Victoria Hill’s mushroom trip wasn’t the first Birds Hill Park has seen, but it’s arguably the most memorable.
The 22-year-old University of Winnipeg theatre student, who lives downtown near the school, saw her character’s participation in the NBC pseudo-reality show Siberia come to an end in the second episode after her character ingested uncooked poisonous mushrooms given to her by another character.
"I remember when we were preparing for it, the director (Matthew Arnold) told me ‘This is a huge scene, Victoria. Every actor dreams for a scene like this. It could launch your career into stardom,’" she recalled. "I felt bad for the people who had to carry me, because I was kicking and I was screaming. Good times on Siberia!"
Siberia airs 9 p.m. Monday nights. The show, which is presented as a Russian-set reality show gone wrong, was primarily filmed in Birds Hill Park over a total of 10 weeks in September 2012 and April 2013.

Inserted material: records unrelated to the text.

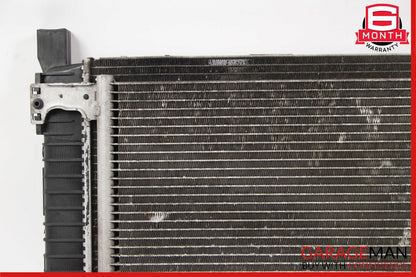06-07 Mercedes W209 CLK350 C350 Engine Cooling Radiator AC A/C Condenser OEM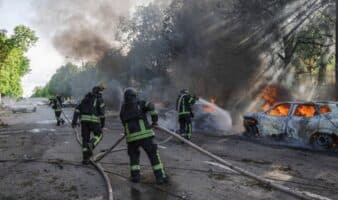 Trump anuncia alto al fuego de tres días e intercambio de prisioneros Rusia-Ucrania
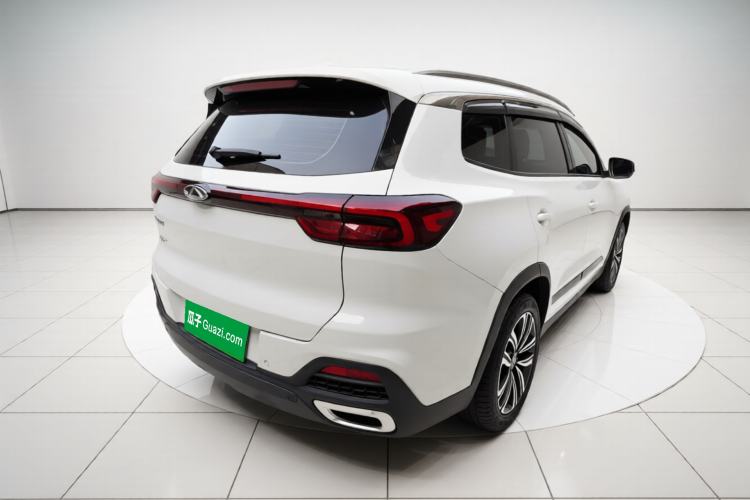 Used Chery Tiggo 8 2019 1.6 TGDI Automatic Fashion Edition Exterior 5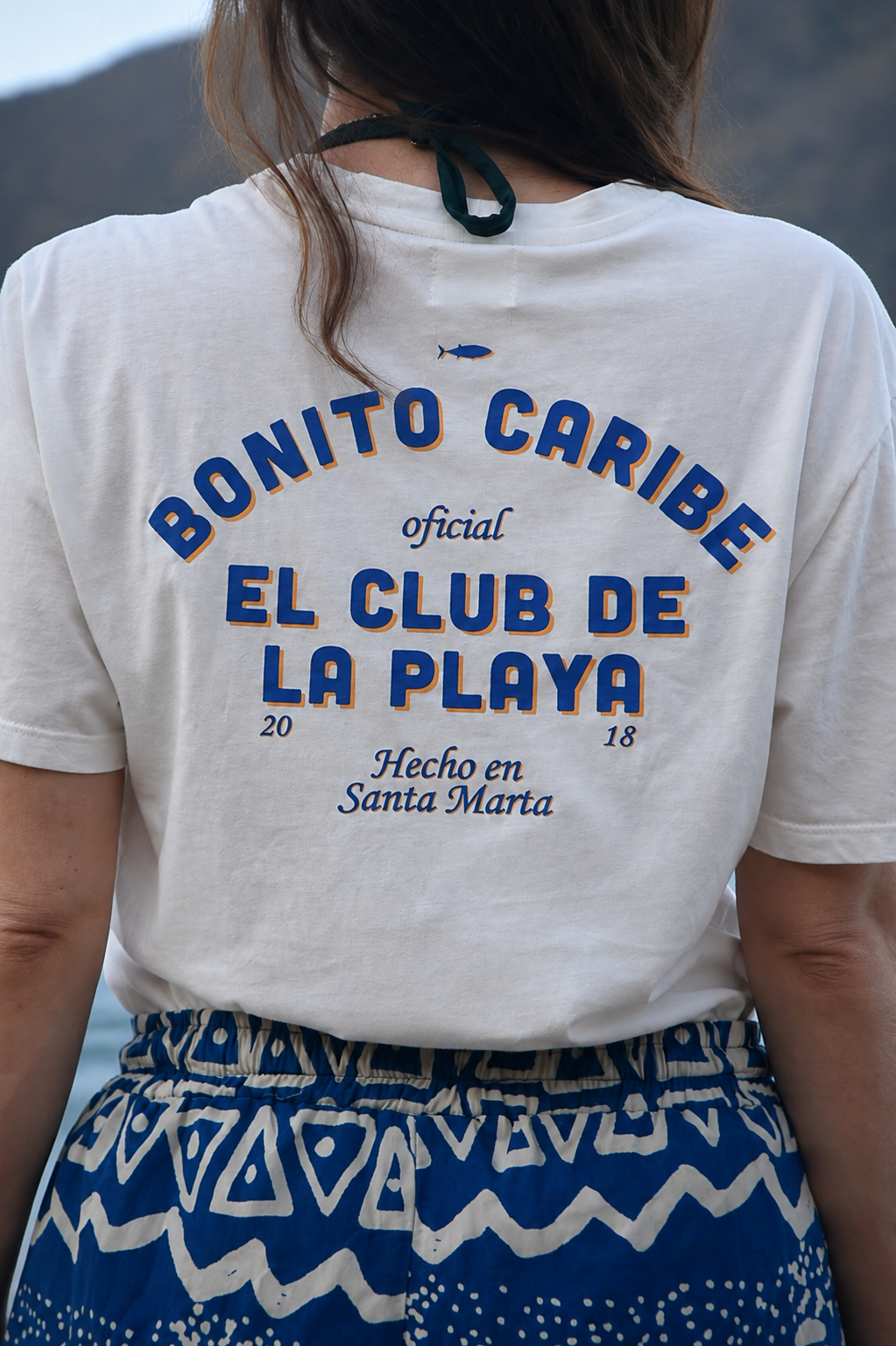 Camiseta Club de la Playa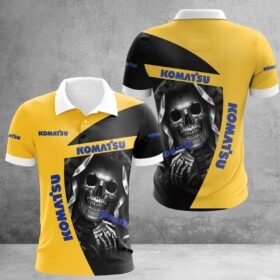 Komatsu Poloshirt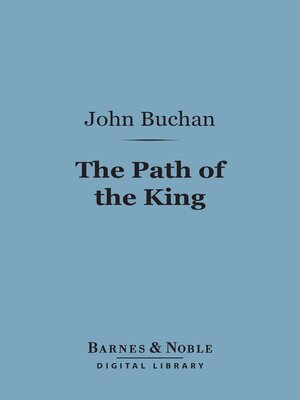 cover image of The Path of the King (Barnes & Noble Digital Library)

Hill, who was on set for two weeks, said it wasn’t too hard to get into the character.
"They based our characters somewhat off of ourselves. My character is named Victoria. My character is from Winnipeg," Hill said. "She’s a little bit of a weirdo, she’s really shy, an awkward turtle. There’s a little bit of that in myself, too."
Hill, who was born in Calgary and grew up on a farm near Portage la Prairie, was one of two locals on the show. Former Maples Collegiate and Winnipeg Rifles all-star running back
Harpreet Turka, who also ran for the Progressive Conservatives in Wolseley in the 2011 provincial election, appeared in the show’s pilot. Turka’s character didn’t make it to the camp and was eliminated. The bulk of the other actors on the show are American.
District park supervisor Bruce Mineault said he and his staff worked closely with the production to ensure things went smoothly on the filming end and for the park.
"There’s a lot of supervision that goes along with it. We’ll have to approve the stuff that we do, where they’re going to be located, just logistics to make sure there’s going to be no conflict with other users in the park," said Mineault, a Charleswood resident. "There’s always miscellaneous stuff we’ll do to help them, to set up a scene."
He said if a rock needs to be moved or snow needs to be shovelled, his staff is on it.
Mineault, who watched the first two episodes, said the style of show made it fun for him to be able to help out.
"Everything else that comes is a typical, scripted production," he said. "This one had more mystery to it."
He noted production may return to the park this September — the shacks seen in the show are still standing near the park office — should the network decide to order a second season.